Three interlocking ideas underlay most of these critiques; one of them is ideological, the second methodological, and the last linguistic. I should say that I am not here intending to imply that all of the folks above march in cognitive lockstep; rather, I see among them a family resemblance. Additionally, though Dawkins and Harris in particular are careful to dole out punishment to Islam (and much less frequently, Eastern religions), generally the God scare is about Jesus' Father in Heaven, which indicates that we're not merely having a philosophical tête-à-tête about God here. Rather, we're duking it out in the trenches of the culture war. The God Scare wanted to change how America works. And thus, the panic: religion was frightening not merely because its faithful believe; it was frightening because they vote. And have their own schools. And so on.
The first critique usually went something like this: religious people believe funny things, like the idea that God created the earth or that Jesus will soon return to rule us all. These things are not substantiated by the normal processes by which we gather information to run our lives, like physics or journalism or chemical engineering or political polling. Therefore we should not take religious people seriously when they propose laws or turn up to vote, because clearly they are not capable of functioning in modern society. On the surface level, the God Scare dismissed religious beliefs because it desperately wanted us to believe they are silly (and there exists a large arsenal of weak witticisms to convince you this is so). This is more or less the circle of hell Christopher Hitchens and Bill Maher roamed in.

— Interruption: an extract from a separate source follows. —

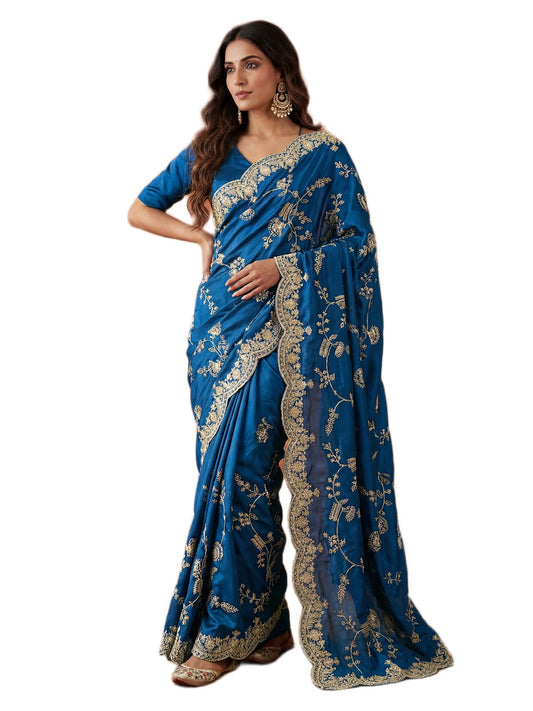 SIRIL Women's Satin Scalloped Border Embellished Sequins Embroidery Saree with Unstitched Blouse Piece (4858S171A_Teal Blue)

Underneath the polemics, this taunting concealed abject horror of the ideological platform of the religious right, and often simplistically, equated such political stances with the sum total of Christianity itself. See, for instance, Kevin Phillips's American Theocracy, which more or less understands evangelicalism in total (say 25% of the American population) to be basically fundamentalist dispensationalism (in actuality, a much smaller percentage), and fundamentalist dispensationalism to be single-mindedly dedicated to becoming the get-out-the-vote force and the foreign policy think tank of the Republican Party. For somebody who was once a renowned statistician, Phillips likes to sling around estimates with large margins of error; he asserts with no footnote that "we can estimate that" 20 to 30 percent of American Christians believed that the Iraq War was actually an attempt to pull the trigger on the Second Coming; these numbers were presumably produced by the aforementioned sloppy understanding of what these strains of faith are (p. 88). Yet as he makes these dire predictions Phillips is baffled and appalled (like Thomas Frank's What's the Matter With Kansas before him) that religious people might actually make decisions about politics based on their religious beliefs (pp. 96-100).